Yesterday, Dr Vince Cable introduced himself as the 24th most popular cabinet minister in a recent opinion poll of Conservative members - out of 24. "It is not something I lose any sleep over," he said.

He went on: "It is a pleasure to be back in Wales today and it’s great to be able to return to a Wales that is so self confident and positive.

“The ‘yes’ vote in the referendum means that the Welsh government now has the tools to do the job that is has requested and a new era of Welsh devolution begins.

“The announcement earlier this week that the government will electrify the Great Western main line, improving journey times from London to Swansea, is positive news for the Welsh economy and evidence of the coalition investing in rail infrastructure where Labour failed in their 13 years in power.

“Less commented upon, but also of huge importance will be the electrification of the Valley lines to Cardiff.

“I am also pleased that the coalition government is now consulting on the possibility of making St David’s Day a public holiday, which itself could be a showcase for investment and tourism as well as a celebration of Wales’ national day.

"Wales’ economic issues run deep and the impact of the loss of much of its manufacturing base in the 1980s is still felt.
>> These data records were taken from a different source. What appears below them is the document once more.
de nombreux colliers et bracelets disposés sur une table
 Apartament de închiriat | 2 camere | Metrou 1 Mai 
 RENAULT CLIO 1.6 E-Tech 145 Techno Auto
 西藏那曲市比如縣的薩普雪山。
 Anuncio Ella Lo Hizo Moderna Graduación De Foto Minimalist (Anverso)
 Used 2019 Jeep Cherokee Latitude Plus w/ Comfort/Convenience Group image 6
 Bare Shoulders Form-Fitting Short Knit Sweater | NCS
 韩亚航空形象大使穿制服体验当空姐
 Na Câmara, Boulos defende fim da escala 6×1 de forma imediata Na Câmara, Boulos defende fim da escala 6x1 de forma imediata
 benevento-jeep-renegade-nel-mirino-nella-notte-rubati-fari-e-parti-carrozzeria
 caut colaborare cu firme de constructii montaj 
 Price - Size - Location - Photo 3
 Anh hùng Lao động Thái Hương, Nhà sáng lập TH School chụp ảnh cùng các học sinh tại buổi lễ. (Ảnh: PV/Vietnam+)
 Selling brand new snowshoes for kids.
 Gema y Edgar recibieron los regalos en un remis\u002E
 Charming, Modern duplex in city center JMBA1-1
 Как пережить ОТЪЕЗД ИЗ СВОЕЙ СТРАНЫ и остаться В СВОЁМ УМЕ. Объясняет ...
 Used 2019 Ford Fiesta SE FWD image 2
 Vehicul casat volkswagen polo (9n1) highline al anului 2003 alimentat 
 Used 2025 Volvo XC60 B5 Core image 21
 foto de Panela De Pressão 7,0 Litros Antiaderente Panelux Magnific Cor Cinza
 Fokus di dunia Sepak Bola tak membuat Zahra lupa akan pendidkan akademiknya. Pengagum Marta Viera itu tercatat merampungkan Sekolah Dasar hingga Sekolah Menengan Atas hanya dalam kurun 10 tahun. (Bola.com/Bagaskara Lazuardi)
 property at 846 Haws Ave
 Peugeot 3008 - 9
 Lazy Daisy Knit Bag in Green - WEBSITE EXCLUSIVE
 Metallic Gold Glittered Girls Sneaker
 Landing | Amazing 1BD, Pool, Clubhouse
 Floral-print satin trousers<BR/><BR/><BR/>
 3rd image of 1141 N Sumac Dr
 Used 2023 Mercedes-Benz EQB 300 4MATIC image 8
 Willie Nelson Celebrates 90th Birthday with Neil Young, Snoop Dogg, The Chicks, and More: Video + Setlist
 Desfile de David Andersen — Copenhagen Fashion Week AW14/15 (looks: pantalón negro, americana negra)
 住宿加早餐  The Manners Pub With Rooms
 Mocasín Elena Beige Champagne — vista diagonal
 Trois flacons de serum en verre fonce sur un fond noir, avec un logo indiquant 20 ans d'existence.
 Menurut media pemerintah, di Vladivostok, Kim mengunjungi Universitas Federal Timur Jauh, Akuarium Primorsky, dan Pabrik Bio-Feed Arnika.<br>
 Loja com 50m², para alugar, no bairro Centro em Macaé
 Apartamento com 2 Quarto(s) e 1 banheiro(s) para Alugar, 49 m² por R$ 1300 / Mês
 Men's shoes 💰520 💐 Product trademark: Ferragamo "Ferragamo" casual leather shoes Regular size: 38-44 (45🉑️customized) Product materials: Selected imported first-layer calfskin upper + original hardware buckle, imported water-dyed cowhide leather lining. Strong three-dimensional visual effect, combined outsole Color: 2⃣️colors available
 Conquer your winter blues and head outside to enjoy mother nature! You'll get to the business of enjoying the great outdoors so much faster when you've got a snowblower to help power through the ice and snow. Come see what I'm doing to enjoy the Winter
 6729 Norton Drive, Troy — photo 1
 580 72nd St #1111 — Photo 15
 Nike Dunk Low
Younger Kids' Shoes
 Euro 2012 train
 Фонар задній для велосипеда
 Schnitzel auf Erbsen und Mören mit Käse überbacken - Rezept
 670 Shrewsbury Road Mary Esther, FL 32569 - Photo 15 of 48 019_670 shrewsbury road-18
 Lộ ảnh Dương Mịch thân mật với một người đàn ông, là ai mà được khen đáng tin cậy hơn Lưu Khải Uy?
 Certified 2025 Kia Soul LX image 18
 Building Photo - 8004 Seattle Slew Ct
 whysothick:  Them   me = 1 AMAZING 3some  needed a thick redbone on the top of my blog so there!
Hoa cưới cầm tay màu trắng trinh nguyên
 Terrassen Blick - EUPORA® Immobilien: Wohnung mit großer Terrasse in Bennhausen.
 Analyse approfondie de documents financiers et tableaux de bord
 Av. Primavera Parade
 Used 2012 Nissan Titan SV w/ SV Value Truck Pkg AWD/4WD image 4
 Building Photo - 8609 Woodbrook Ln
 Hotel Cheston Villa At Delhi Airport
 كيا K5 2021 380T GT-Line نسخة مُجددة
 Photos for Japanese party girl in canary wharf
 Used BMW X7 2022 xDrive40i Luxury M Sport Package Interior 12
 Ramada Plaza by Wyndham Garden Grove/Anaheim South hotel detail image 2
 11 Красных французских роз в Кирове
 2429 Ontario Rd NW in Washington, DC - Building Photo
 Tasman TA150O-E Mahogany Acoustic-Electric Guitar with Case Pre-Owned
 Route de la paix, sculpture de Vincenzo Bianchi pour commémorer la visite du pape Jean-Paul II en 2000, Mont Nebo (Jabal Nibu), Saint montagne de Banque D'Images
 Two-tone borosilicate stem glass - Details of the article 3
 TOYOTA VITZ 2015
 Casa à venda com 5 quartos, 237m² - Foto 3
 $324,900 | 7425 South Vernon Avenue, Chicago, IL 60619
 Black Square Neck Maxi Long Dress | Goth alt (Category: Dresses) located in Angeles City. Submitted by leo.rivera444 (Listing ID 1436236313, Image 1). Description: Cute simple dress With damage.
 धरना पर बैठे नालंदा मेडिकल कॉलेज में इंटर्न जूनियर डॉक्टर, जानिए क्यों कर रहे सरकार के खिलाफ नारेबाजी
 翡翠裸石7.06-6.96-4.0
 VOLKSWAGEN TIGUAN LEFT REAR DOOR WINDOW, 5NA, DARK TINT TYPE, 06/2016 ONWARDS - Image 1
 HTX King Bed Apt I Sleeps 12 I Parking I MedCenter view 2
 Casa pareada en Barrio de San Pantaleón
With the right support, we can establish the growth in the private sector that Wales needs.

“Of course, not all of the economic levers rest in either Cardiff or London. It will require governments of different colours working together to rebuild the Welsh economy.

“By setting out a clear plan to tackle Labour’s deficit, the coalition has headed off financial disaster and the basis for a revival in manufacturing is in place.

“The policies that Kirsty Williams set out today, to focus relentlessly on the need to create new jobs and prosperity by investing in home-grown Welsh enterprises is exactly the approach needed in Wales and elsewhere.

“We are now at a turning point, where manufacturing is reviving, especially in high tech innovative firms and with Welsh strength in agriculture and tourism, there is every prospect, with the right policies and leadership, of a Welsh economic renaissance.”

Dr Cable admitted that things were still bad on the national economic front, but progress was being made. A tax on bank balance sheets would consistently bring in more income than Labour's one-off levy on bonuses. An agreement had also been reached - not as good as Dr Cable would have liked, but still a major step forward - on the amount of money banks would be committed to lend to small and medium-sized businesses.